Lo sguardo psicologico di Hillman, che suggerisce di guardare alla storia come ad un viale degli archetipi', permette di comprendere quali possibilità siano date, nel presente, dall'approccio a figure femminili del passato che propongono al nostro immaginario modalità di rapporto col reale al di fuori degli schemi di oggi. Ma in questo sta anche il limite di questo approccio, perchè è oggi che la questione del rapporto delle donne col potere si pone e, al di là di ogni suggestione proveniente dal passato, è una risposta per il nostro tempo quella che andiamo cercando.

Allora, come costruire oggi un'autorevolezza che doti le donne della fiducia necessaria per provare a spezzare il soffitto di cristallo?

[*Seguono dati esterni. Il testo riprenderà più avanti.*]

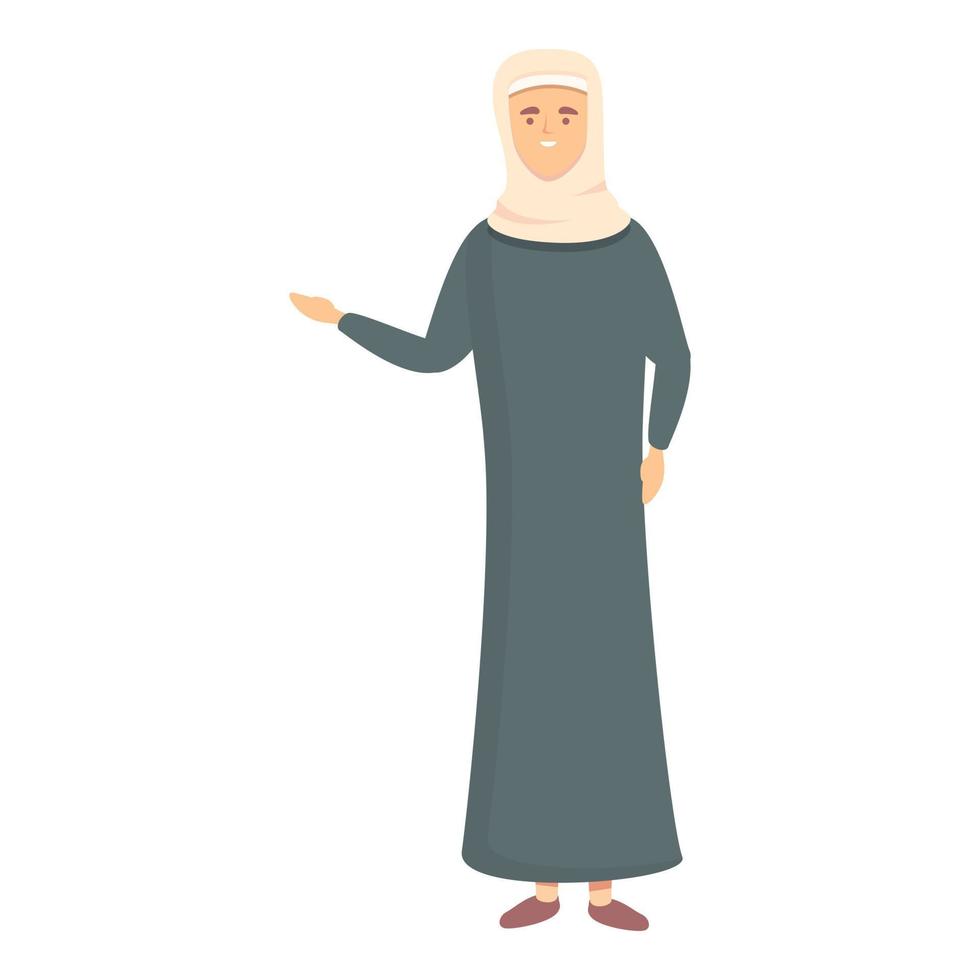 Muslim woman teacher icon cartoon vector. Online school vector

La traccia di una risposta possiamo trovarla nell'esperienza della prima teorica italiana del femminismo degli anni Settanta, Carla Lonzi, che lucidamente ha riconosciuto come «l'uguaglianza tra i sessi sia la veste in cui si maschera oggi l'inferiorità della donna». La differenza sessuale coscientemente assunta mette in questione l'universale, non per sostituire un universale con un altro, un potere femminile ad un potere maschile, ma collocandosi asimmetricamente rispetto alla definizione stessa, quella maschile, del potere come dominio: «sul piano donna-uomo non esiste una soluzione che elimini l'altro». La posizione di chi si riconosce differente non mira ad inserirsi, diventando uguale, o ad assumere il dominio perseguendo un semplice mutamento di segno dell'unilateralità, ma vuole piuttosto «operare un mutamento globale della civiltà che l'ha escluso»: è proprio qui che la differenza donna/uomo mostra la sua valenza radicale, paradigmatica rispetto alla possibilità di pensare ogni differenza. Da sempre peraltro, sostiene ancora Carla Lonzi, le donne hanno contribuito al mondo degli uomini mettendo a disposizione il più che è proprio della relazione, rimanendo tuttavia al di fuori della costruzione del sapere. Il momento chiave è allora, per lei, l'esperienza del confronto reciproco nei gruppi, «momento non prestigioso» ma essenziale di una trasformazione globale, perchè rende possibile evidenziare, scrive Maria Luisa Boccia, «come la relazione su cui si incardina tutta la sfera pubblica, che determina il primato dell'agire politico, sia del tutto opaca rispetto al problema della donna (duplicare la coscienza del mondo)».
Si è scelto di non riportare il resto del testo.